Will lead to a slightly increased complication if you see sharing - you’ll have to travel all the file indirections to structured-data and modify those to include owners as well. So previously if there were root/a/b with each have 1000 files under them, you would need to add owners to only 3 SD’s. With the above change you would require to add/remove/manipulate owners from 3003 SD’s.

Maybe more i haven’t noticed.

But is everyone ok with that ^^^ ?

Fraser · September 26, 2016, 11:25am

I guess I’m thinking of Git, Subversion, Apple’s Time Machine, MS’s System Restore for example.

So, to be clear, say with your example using root, dir-a and dir-b, currently we only have root and dir-a, but yesterday we also had dir-b. If we view the current tree, we see only root and dir-a - there’s no mention of dir-b. If we view a snapshot from yesterday, we see all three dirs.
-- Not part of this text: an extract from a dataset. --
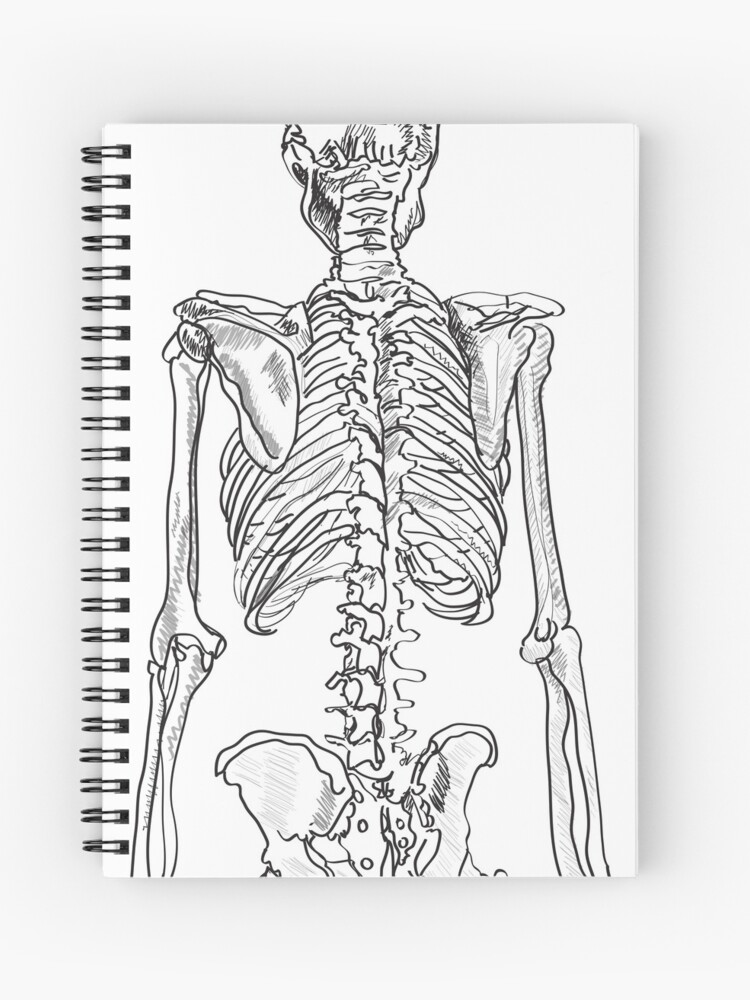 How to Draw a Human Skeleton Real Easy - Step by Step - YouTube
Is that what you’re saying?

If so, that’s what I’m saying would happen with dir versioning too.

Right - but for the other examples you can restore deleted items.
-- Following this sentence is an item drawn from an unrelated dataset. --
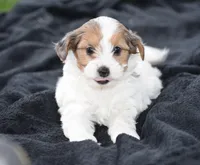 Violet, a female Yorkshire Terrier and Poodle - Miniature  for sale in Danville, PA – Photo 4 of 6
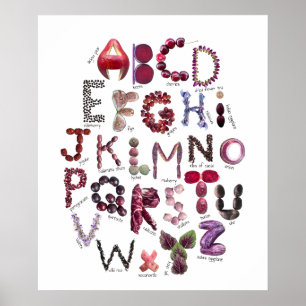 Maroon und Lila Alphabet   Obst und Gemüse Poster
Agreed. (We’re probably both wrong!)

I don’t agree that file versioning is simpler than dir versioning; I think they’re comparable in complexity. However I’m somewhat convinced that dir versioning could be cheaper for the users and easier for the network to handle.

Fraser · September 26, 2016, 11:35am

I’m not

Obviously my main concern is what we’re debating in the concurrent discussion (where I prefer dir versioning to avoid the cost of 3003 SDs), but other than that, I think it would be worthwhile adding a Vec<u8> to FurtherInfo too so that if the user has opaque data which needs to be changed when the file’s contents change the user isn’t forced to update the FileMetadata.

ustulation · September 26, 2016, 12:31pm

Me neither. It is more complicated and decreases performance - but waiting for @DavidMtl and @Traktion 's opinions.

So should this not discourage us from providing dir-versioning ? File versioning can be interpreted only in one way while for dir there seems to be divergence.

Can you give a modification of types if we were to go the dir-versioning way ?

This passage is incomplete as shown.